Custom Datasets, Aug#
Generally, a custom Dataset class may look like this:
from torch.utils.data import Dataset
from antelope import ml
class MyDataset(Dataset):
def __init__(self, train=True):
self.classes = ['dog', 'cat']
...
def __getitem__(self, index):
...
return obs, label
def __len__(self):
...
ml(dataset=MyDataset)
For more info, see Pytorch’s tutorial on map-style Datasets.
Any Pytorch Dataset will do, with one caveat: the __getitem__
should output either an (obs, label)
pair OR a dictionary of “datums” e.g. {'obs': obs, 'label': label}
.
Classification
Since the default task is task=classify
, the above script will learn
to classify MyDataset
.
If you define your own classify Dataset, include a .classes
attribute listing the classes in your Dataset. Otherwise, The Antelope will
automatically count unique classes, which may be different across
training and test sets.
Test datasets
You can include a train=
boolean arg to your custom Dataset to
define different behaviors for training and testing, or use a different
custom test Dataset via test_dataset=
.
Transforms & augmentations
Pre-compile:
from torchvision.transforms import Resize
ml(dataset={'_target_': MyDataset, 'transform': Resize([302,170])})
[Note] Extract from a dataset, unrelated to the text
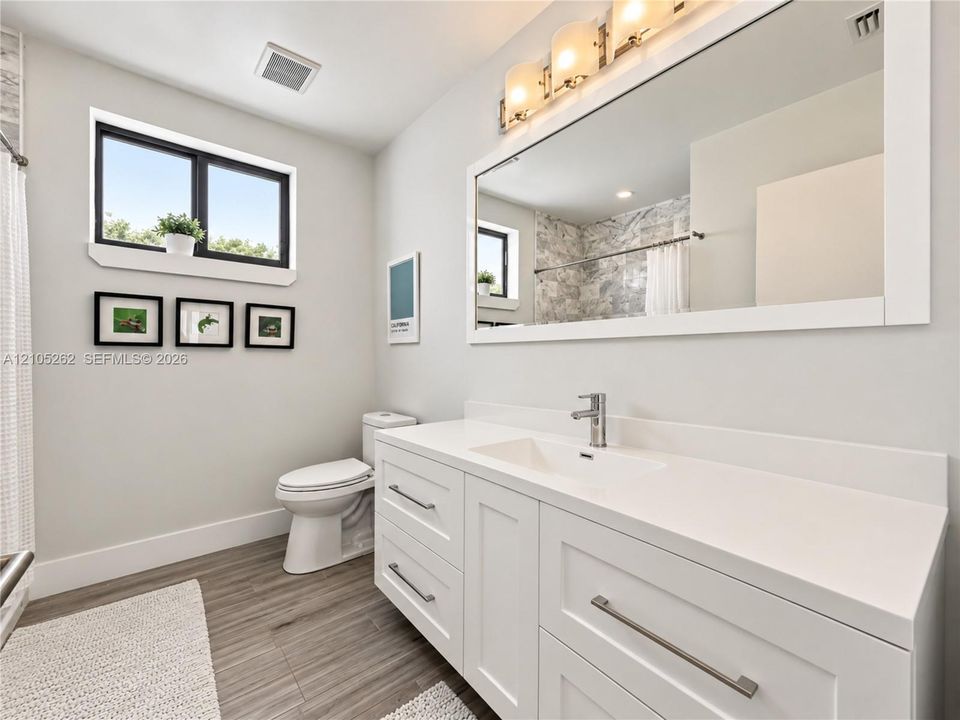 White vanity with integrated sink, chrome faucet, and rectangular mirror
Transform on CPU at runtime:
ml(dataset=MyDataset, transform=Resize([302,170]))
Transform on GPU at runtime:
from antelope.Agents.Blocks.Augmentations import RandomShiftsAug
ml(dataset=MyDataset, aug=RandomShiftsAug)
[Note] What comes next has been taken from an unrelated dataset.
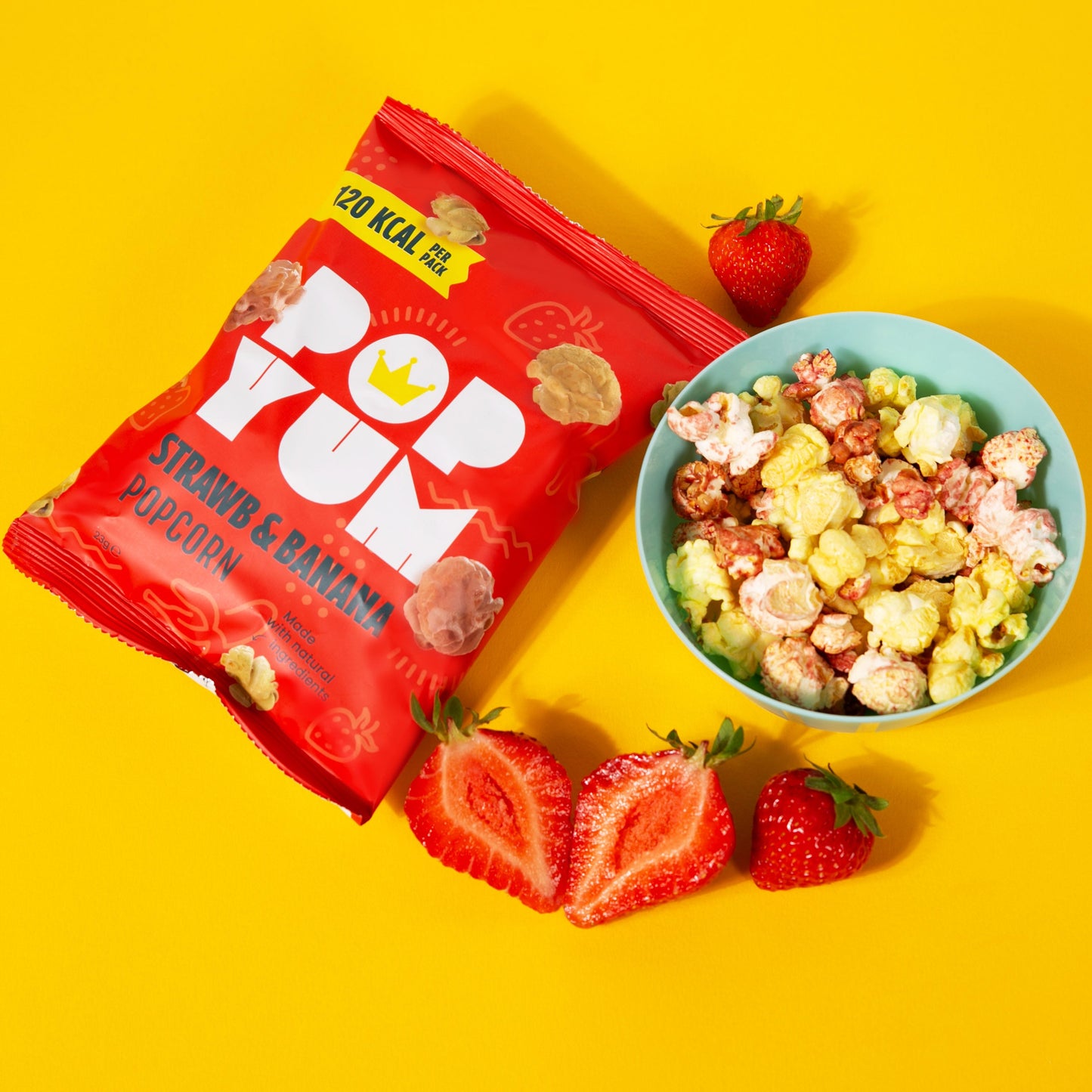 Red Pop Yum strawberry and banana popcorn packet with a bowl of popcorn and strawberries on a yellow background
All passed-in Datasets will support the dataset.transform=
argument.
dataset.transform=
is distinct from transform=
and aug=
, as
transform=
runs a transform on CPU at runtime and aug=
runs a
batch-vectorized augmentation on GPU at runtime, whereas
dataset.transform=
transforms/pre-compiles the dataset before
training begins. One-time operations like Resize are most efficient
here.
There are also two additional kinds of transform/augmentation for nuanced cases. env.transform=
can transform an online stream from a rollout at runtime and dataset.aug=
can pre-compile a dataset with a batch-vectorized augmentation on GPU. Pretty much every transform/aug need is met in whatever data processing pipeline you’re trying to implement.
Standardization & normalization
Stats will automatically be computed for standardization and
normalization, and saved in the corresponding Memory card.yaml
in
World/ReplayBuffer
. Disable standardization with
standardize=false
. This will trigger to use normalization instead.
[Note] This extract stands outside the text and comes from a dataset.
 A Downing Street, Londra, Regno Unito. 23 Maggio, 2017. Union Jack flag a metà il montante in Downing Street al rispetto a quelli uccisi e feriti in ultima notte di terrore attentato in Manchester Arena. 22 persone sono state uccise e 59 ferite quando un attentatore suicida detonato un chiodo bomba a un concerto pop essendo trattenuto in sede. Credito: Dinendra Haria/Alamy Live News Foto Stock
Disable both with standardize=false norm=false
. You may learn more
about the differences at
GeeksforGeeks.
By default, an agent loaded from a checkpoint will reuse its original
tabulated stats of the data that it was trained on even when evaluated
or further trained on a new dataset, to keep conditions consistent.
Subsets
Sub-classing is possible with the dataset.subset='[0, 5, 2]'
keyword. In this example, only classes 0
, 5
, and 2
of the
given Dataset will be used for training and evaluation.
ml(dataset={'_target_': MyDataset, 'subset': [0, 5, 2]})
Built-In Datasets#
All TorchVision datasets are supported by default and can be passed in by name (e.g. dataset=MNIST
) as well as TinyImageNet
, which is provided as an example custom dataset.
For an iterative-style Dataset, use an Environment.